During those times, the British also occupied the Cachar hills in southern Assam where the city of Silchar is located. With time, they established the tea gardens in the area which proved to be highly profitable. Soon a mania swept the region where tea planters begin to expand their gardens and encroach on the Lushai territory. One such tea garden was in Alexandrapur near Silchar which was owned by one George Seller. One day, he invited one of his close friends James Winchester and his 6 years old daughter Mary Winchester in 1870 as she was going to Britain for further studies. Mary was the illegitimate child of James and his Meitei (Manipuri) worker. Lushais got the wind of such celebration and swooped down on the tea garden in a pre-dawn raid. They killed a few people including James during confrontation. Seller, however, managed to escape while Mary was kidnapped and taken to Lushai headquarters. This created a media furore in London, a few days later. Mary was, however, treated like a queen by the tribal women. In one year of captivity, she became used to the Mizo lifestyle and forgot English completely.

On 8th October 1871, after more than a year passed, the British attacked the Lushai hamlet and killed everyone. Mary had to be dragged against her will by the British soldiers. She was then sent to Scotland to her grandparents.


However, the story has not finished for hapless Lushais and other tribes in North-East. The missionaries saw their chance and dubbed the kidnapping barbaric. It did not matter to them that they killed every unyielding tribal in retaliation. It also did not matter that they carried out much more barbarity during the crusades and during the first war of independence in 1857. Turks were even in the habit of making towers of heads. By 1898, the British captured the whole Lushai territory and missionaries started to have a field day.

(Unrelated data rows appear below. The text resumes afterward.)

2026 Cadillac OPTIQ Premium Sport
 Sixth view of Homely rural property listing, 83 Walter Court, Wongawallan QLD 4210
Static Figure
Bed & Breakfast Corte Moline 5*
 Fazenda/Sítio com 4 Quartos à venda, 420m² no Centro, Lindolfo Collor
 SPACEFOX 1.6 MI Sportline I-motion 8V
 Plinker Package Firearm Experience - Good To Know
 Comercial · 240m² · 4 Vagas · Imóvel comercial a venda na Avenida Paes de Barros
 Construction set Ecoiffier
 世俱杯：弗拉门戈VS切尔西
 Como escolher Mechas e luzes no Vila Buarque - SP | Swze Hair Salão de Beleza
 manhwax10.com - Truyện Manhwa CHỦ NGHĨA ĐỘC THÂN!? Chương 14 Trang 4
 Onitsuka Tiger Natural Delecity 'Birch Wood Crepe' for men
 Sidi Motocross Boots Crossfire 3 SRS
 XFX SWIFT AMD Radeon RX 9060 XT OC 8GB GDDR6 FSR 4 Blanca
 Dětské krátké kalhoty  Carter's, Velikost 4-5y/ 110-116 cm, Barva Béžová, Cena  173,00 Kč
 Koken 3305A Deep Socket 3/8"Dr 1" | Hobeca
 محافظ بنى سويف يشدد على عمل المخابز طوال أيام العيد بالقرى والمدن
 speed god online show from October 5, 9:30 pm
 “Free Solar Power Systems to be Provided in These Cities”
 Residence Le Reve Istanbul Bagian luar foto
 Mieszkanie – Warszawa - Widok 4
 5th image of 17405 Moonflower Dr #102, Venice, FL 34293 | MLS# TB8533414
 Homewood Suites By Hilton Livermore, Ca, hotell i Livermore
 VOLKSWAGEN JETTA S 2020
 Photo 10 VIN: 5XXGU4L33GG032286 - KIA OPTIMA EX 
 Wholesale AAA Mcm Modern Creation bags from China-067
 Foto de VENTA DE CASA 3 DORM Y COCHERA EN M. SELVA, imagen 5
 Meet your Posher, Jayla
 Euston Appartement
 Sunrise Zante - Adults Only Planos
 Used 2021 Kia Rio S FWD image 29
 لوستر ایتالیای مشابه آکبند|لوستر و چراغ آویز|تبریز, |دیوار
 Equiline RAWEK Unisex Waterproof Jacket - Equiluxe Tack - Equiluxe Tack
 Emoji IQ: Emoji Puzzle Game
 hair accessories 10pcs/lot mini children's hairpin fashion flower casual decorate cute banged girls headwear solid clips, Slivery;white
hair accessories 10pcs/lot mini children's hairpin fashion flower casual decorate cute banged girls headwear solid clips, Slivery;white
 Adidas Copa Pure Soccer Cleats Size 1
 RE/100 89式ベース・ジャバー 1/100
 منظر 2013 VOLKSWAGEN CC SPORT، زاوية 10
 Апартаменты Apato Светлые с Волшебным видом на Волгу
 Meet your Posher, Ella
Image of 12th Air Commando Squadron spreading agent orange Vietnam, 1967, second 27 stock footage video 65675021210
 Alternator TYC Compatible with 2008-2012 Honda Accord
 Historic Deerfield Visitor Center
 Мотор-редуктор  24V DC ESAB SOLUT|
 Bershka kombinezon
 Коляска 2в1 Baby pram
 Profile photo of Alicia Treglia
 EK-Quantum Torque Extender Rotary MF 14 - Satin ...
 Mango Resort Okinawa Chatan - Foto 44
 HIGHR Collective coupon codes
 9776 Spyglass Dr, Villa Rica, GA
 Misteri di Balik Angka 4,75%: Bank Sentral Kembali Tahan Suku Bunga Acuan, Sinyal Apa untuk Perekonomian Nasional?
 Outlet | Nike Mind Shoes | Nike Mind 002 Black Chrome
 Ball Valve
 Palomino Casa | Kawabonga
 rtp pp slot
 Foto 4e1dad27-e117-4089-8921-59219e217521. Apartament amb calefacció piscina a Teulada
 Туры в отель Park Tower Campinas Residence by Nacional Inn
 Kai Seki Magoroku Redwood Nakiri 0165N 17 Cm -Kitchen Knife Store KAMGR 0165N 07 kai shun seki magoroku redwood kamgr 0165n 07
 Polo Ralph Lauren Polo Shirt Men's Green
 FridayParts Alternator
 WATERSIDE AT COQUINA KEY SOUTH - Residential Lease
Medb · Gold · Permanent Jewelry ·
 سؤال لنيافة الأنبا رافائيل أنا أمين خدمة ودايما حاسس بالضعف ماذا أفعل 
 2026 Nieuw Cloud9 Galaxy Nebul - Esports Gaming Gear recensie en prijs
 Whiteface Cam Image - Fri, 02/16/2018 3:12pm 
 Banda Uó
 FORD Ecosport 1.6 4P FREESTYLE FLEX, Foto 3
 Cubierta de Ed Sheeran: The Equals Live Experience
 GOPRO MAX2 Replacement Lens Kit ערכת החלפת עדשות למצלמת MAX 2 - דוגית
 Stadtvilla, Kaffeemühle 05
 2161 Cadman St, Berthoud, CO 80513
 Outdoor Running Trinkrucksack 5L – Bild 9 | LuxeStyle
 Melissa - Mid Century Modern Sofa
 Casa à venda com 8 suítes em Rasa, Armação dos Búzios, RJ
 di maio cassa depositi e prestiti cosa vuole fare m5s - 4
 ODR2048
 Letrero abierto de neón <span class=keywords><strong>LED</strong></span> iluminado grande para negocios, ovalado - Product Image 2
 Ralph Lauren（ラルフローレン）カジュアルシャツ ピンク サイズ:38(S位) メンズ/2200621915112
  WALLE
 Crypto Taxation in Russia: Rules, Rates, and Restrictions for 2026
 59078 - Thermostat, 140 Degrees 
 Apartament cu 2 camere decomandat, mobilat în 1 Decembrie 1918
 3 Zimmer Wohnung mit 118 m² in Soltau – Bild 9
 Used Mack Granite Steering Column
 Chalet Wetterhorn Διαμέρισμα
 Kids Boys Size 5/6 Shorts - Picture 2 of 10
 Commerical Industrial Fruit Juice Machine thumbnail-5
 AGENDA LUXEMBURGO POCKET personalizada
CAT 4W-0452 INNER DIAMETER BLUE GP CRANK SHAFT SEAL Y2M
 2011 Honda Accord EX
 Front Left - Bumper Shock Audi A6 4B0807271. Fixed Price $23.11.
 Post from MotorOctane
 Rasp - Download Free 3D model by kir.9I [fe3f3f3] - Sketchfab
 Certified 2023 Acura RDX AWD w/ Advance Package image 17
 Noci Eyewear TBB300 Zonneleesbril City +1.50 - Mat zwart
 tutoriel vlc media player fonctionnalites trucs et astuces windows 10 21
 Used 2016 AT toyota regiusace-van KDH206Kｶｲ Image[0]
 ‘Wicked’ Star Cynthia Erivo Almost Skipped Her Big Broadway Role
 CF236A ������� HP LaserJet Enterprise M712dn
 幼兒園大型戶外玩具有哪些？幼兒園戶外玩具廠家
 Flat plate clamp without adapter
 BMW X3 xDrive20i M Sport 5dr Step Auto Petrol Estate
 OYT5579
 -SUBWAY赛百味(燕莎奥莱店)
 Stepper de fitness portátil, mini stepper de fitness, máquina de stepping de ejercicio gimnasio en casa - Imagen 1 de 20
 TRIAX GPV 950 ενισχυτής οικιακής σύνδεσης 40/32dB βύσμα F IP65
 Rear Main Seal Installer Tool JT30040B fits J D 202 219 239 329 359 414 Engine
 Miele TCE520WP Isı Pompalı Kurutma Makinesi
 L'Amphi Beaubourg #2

Arthington Mission and Welsh Presbyterian missionaries were the foremost in converting and within a decade they converted more than 1 lakh tribals.


A story was deliberately spread that tribals had fallen into a trance after converting and they saw remarkable visions, namely that two great lights would shine in the land, one in the north and the other in the south. This further propelled the conversion as they were made to be ashamed of their ancestors, however, it is another matter that they were now converted from head hunters to soul hunters and church planters. A plaque of James were made in the tea garden and they were taken to Alexanderpur on an annual yatra to remind them of their savage past and how they were now the civilized people. Mizoram is consequently now 87% Christian. Mary was deified as a Christian messiah and her photos with Jesus are in most households. Everyone was told that it was prophesied in the Christian texts like Isaiah 60:22 which elaborated ‘A little one shall become a thousand and a small one a strong nation.’


Mary was projected as a little one.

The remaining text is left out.